Но вот Галкин закинул второй крючок. «Даю три тысячи рублей. И слово чести: не выдам». Пап оживился. Проглотил бутерброд, а с ним и хлебную корку из-за щеки. Заговорил своим голосом: «Три тысячи? Это интересно, — вспомнил, что Галкин недавно получил тридцать тысяч за какие-то дела. — А как ты мне их передашь? У меня принцип: меня можно слышать, но нельзя видеть. И ещё условие: Хозяев не выдаю. Гоните деньги — и я к вашим услугам. Могу принять заказ». Галкин улыбнулся: а что? Прикуплю ка я этого молодца. Авось пригодится! «Как вам вручить деньги?» — «В два я буду в "Славянском базаре", приглашаю со мной пообедать».

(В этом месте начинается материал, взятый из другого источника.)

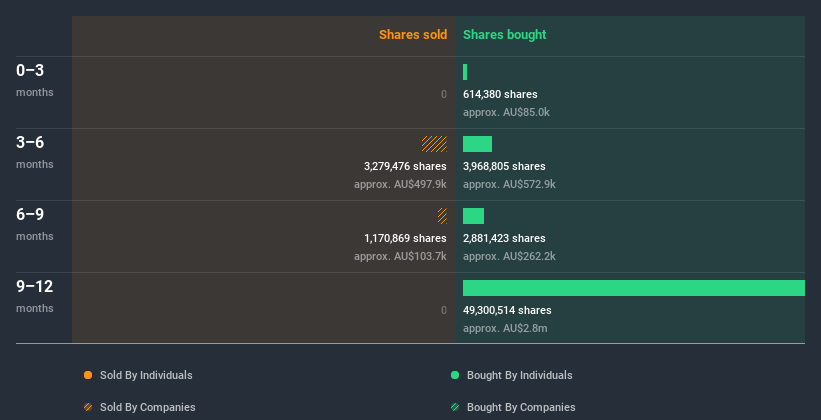 insider-trading-volume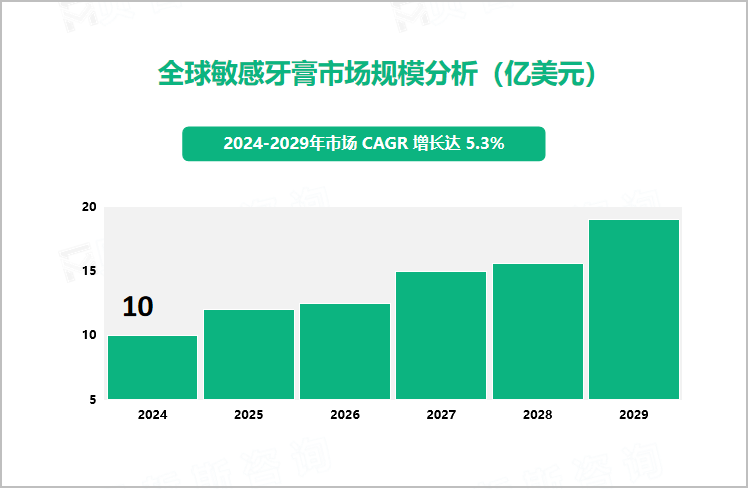 全球敏感牙膏市场规模分析（亿美元）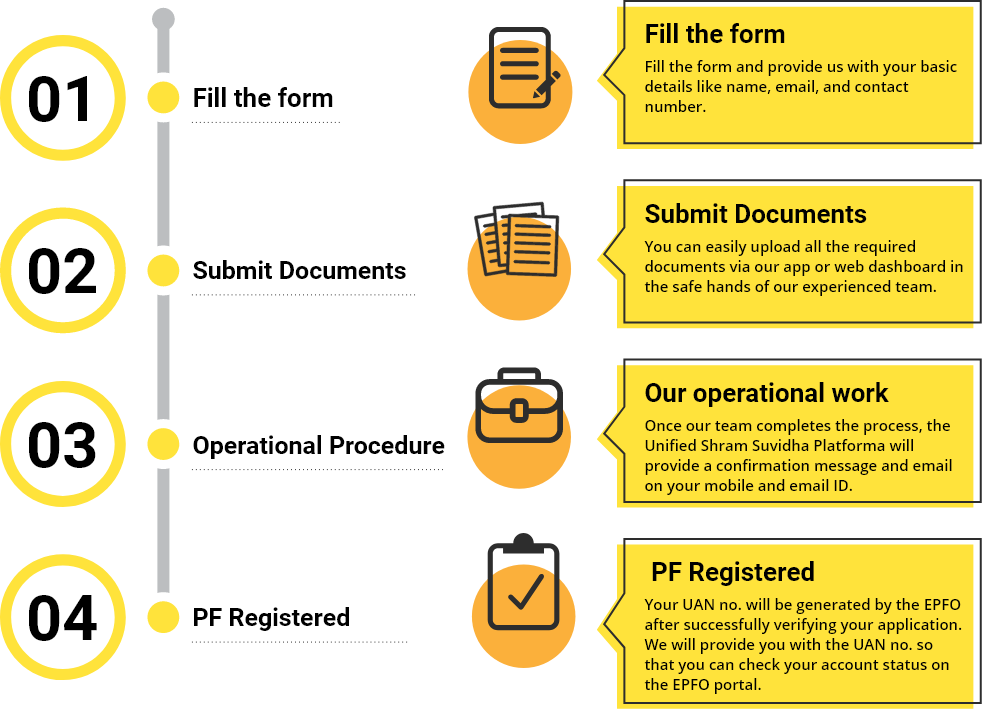 pf-registration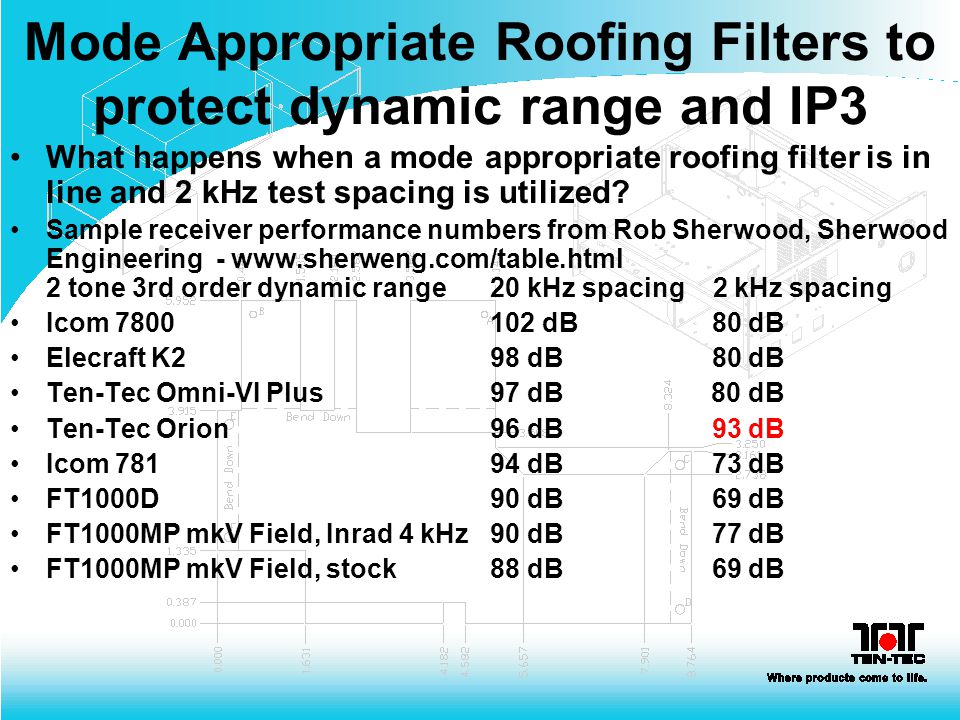 Ten Tec Amateur Radio Commercial And Military Radio Tool And Die Services Enclosure Manufacturing Ppt Download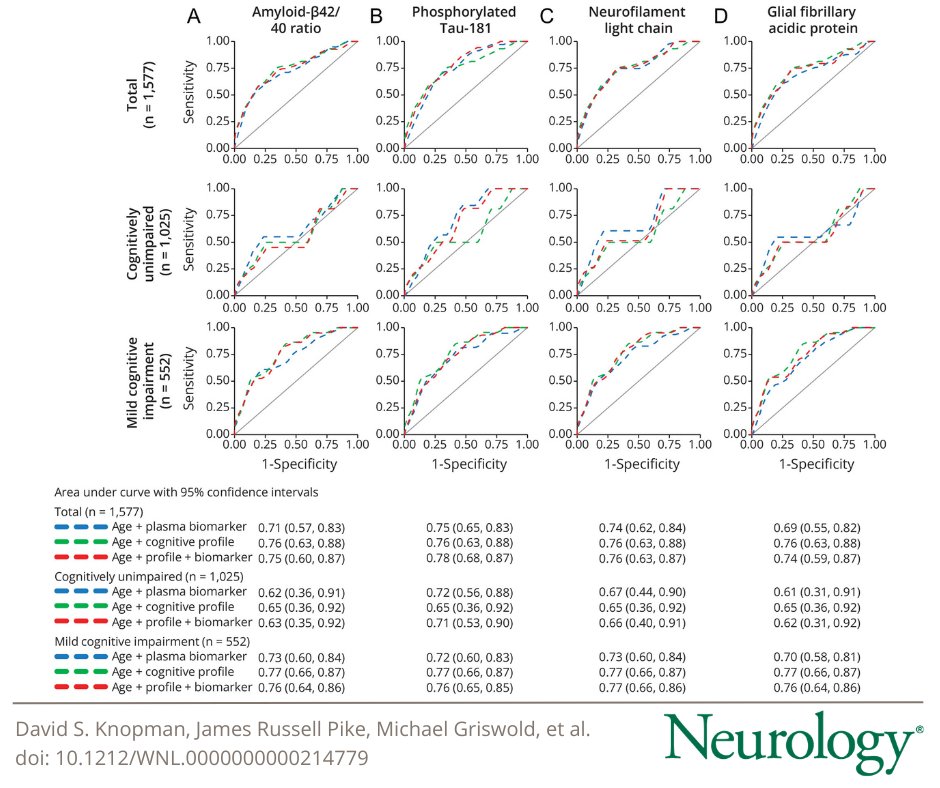 GreenJournal's tweet image. Contingency of Plasma Dementia Biomarkers on Cognitive Profiles for Prognosis of Incident Dementia: The ARIC Study hubs.la/Q04b4WWP0 

#NeuroTwitter #Dementia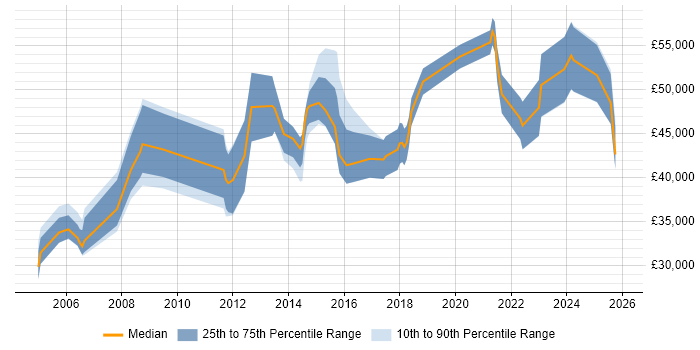 Salary distribution trend for jobs in Warwick citing Process Improvement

Как и всякий человек, отмеченный чувством достоинства и не лишённый самолюбия, Спартак Пап стремился усовершенствовать своё ремесло, довести его до степени искусства. Не считал себя ни интриганом, ни шарлатаном, хотя и понимал аморальность предпринимаемых операций, грань преступности, по которой скользила его жизнь.
Робко и неуверенно начинал он карьеру, но со временем увлёкся кипением страстей, оглушительной мощью своих ударов, с нездоровой страстью и почти детским любопытством наблюдал агонию поражённых жертв, шаг за шагом распалял аппетит, обретал чувство, похожее на радость победы спортивного бойца, на то сильное, глубокое удовлетворение, которое приходит творцу от результата долгих опытов и экспериментов.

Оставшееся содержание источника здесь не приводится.